N. Surendran s/o K. Nagarajan (Tamil: ந. சுரெந்திரன்), commonly referred to as N. Surendran, is a Malaysian lawyer and politician. He was the Member of the Parliament of Malaysia for the Padang Serai constituency in the state of Kedah for one term from 2013 to 2018. He is a member of the People's Justice Party (PKR), a component party of the Pakatan Harapan (PH) coalition.

Early life, education and legal career
Surendran was born in Kuantan, Pahang and raised in Alor Setar, Kedah. His late father was a postmaster, and he has three siblings. He obtained a Bachelor of Laws from the University of London and was admitted to the Malaysian Bar in 1994.

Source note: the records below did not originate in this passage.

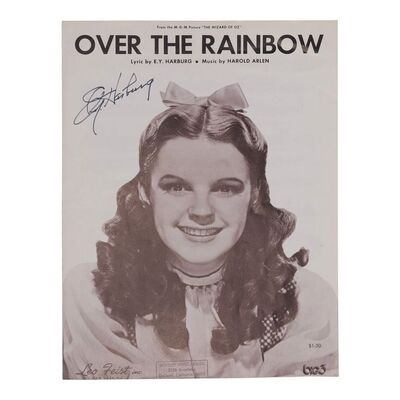 Lot #1680 - E.Y. Harburg-Autographed "Over the Rainbow" Sheet Music ### THE WIZARD OF OZ (1939)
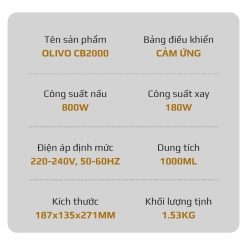 Máy Xay Nấu Đa Năng OLIVO CB2000 30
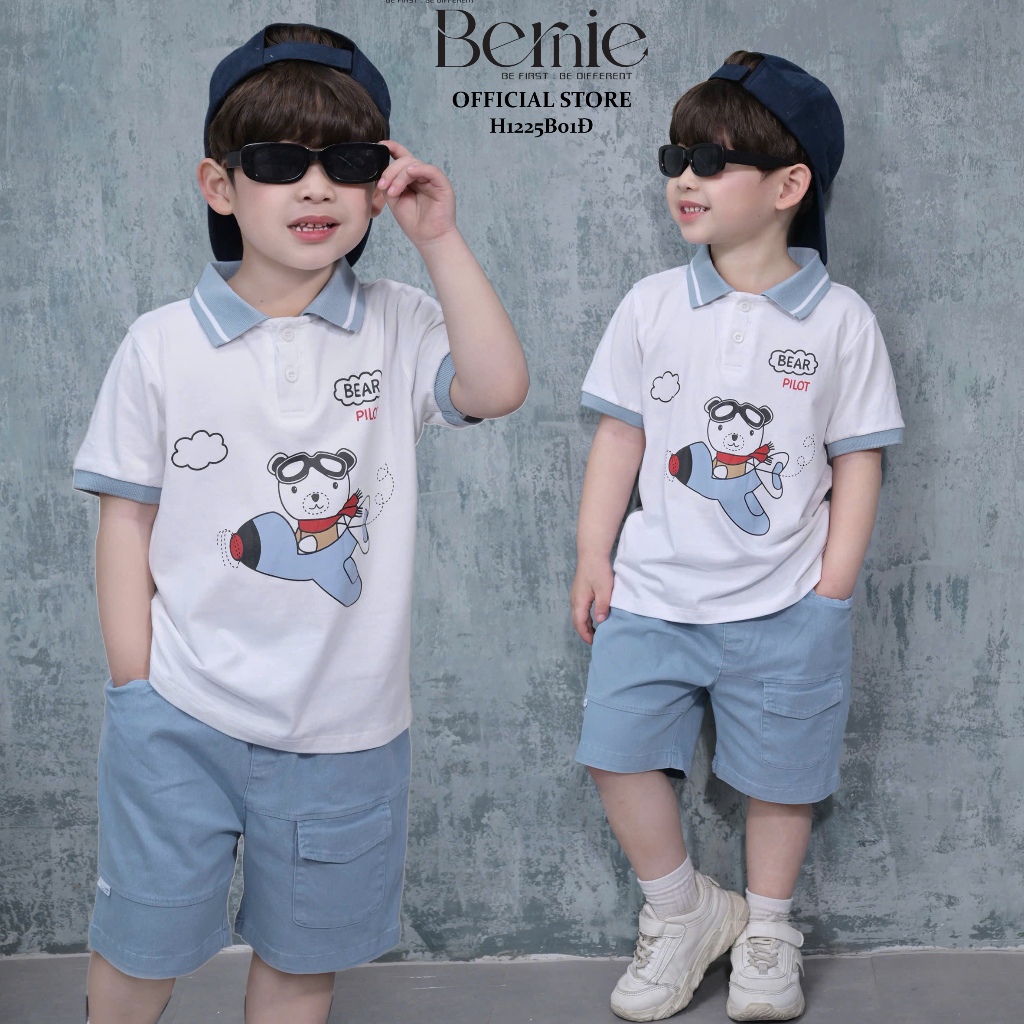ชุดโปโลแขนสั้นเด็กชาย Lovely Bernie Bear Pilot - ชุดสูทเด็กชายฤดูร้อน 9-24kg - H1225B01D
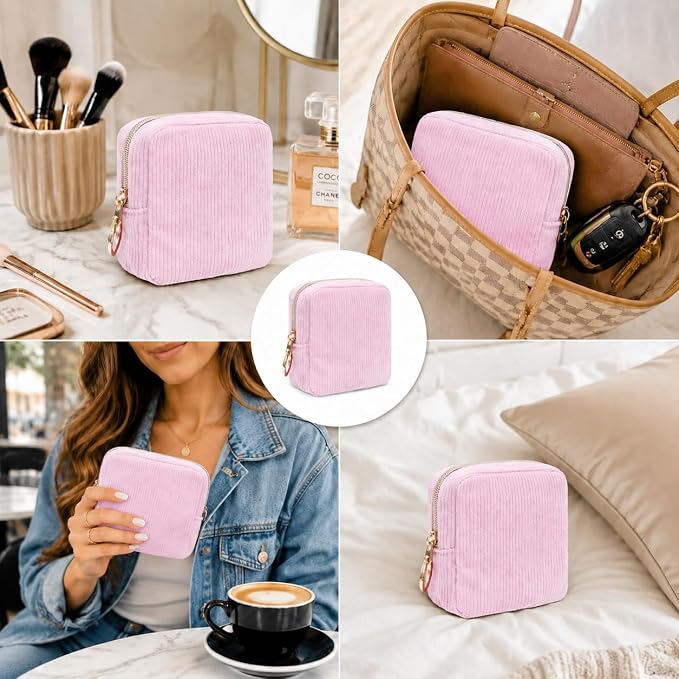 Period Bag for Girls, Corduroy Period Kit with Sanitary Pad Pouch, Menstrual Storage Bag and Tampon Holder for Purse, Girls School Essentials,Feminine Care Organizer(Pink)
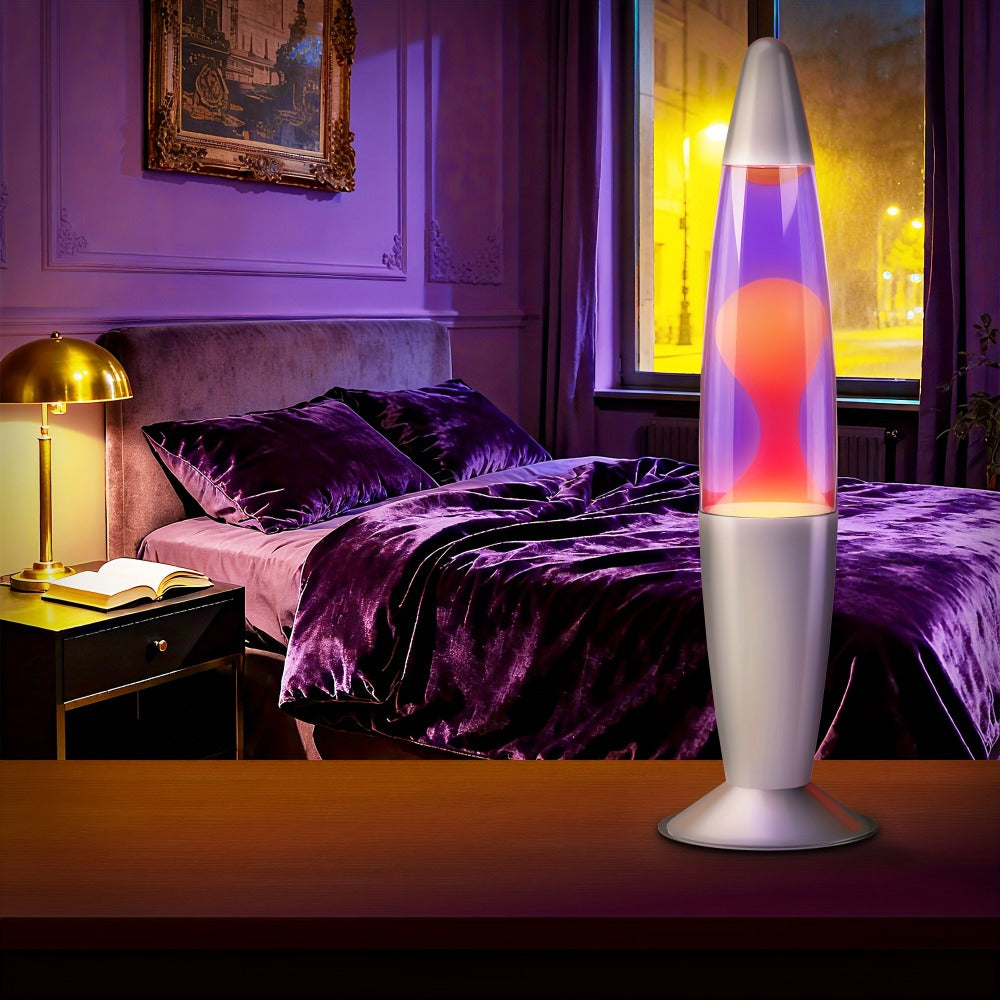 Lava Lamp 16 Inch for Bedroom Living Room Office, Relaxing Liquid Motion Lamp with Purple Water Yellow Wax, Retro Night Light Home Decor Accent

Surendran practiced as a human rights lawyer, taking on cases of deaths in custody and representing the Hindu Rights Action Force (HINDRAF). He co-founded Lawyers for Liberty (LFL) in 2011 and became the a key member of the group.

Politics 
In 2010 Surendran was appointed by Anwar Ibrahim as one of PKR's vice-presidents. The appointment was a surprise: Surendran was not a parliamentarian at the time and his selection was criticised by N. Gobalakrishnan, the then Padang Serai MP who had just lost a ballot for the vice presidency. He remained in the post until 2014, when he was defeated for re-election in a party ballot.

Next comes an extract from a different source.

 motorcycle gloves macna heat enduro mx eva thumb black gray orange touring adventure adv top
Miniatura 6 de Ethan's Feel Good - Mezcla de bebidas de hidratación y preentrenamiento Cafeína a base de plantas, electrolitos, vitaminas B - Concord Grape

In the 2013 general election, Surendran contested the Padang Serai parliamentary seat for the PKR. Gobalakrishnan had won the seat for PKR in the previous election, but left the party to sit on the crossbench soon after his public attack on Surendran's appointment as a party vice-president. Surendran won the seat at the election, defeating four other candidates including Gobalakrishnan. Surendran had expressed surprise, travelling to Padang Serai from his home in Kuala Lumpur to campaign, at the extent of rural poverty there.

In November 2013, Surendran was suspended from the Parliament for six months. The government-dominated Parliament voted to suspend him on the ground of insulting the Speaker of the House of Representatives during a debate about the demolition of Hindu temples. In Jun 2014, Surendran notched up his fourth suspension from the Parliament amidst a debate on the Lynas Advanced Materials Plant. In August 2014, he was twice charged for sedition for criticising the overturning of opposition leader Anwar Ibrahim's acquittal on sodomy charges and alleging that the Prime Minister, Najib Razak, was "personally responsible" for Anwar's prosecution.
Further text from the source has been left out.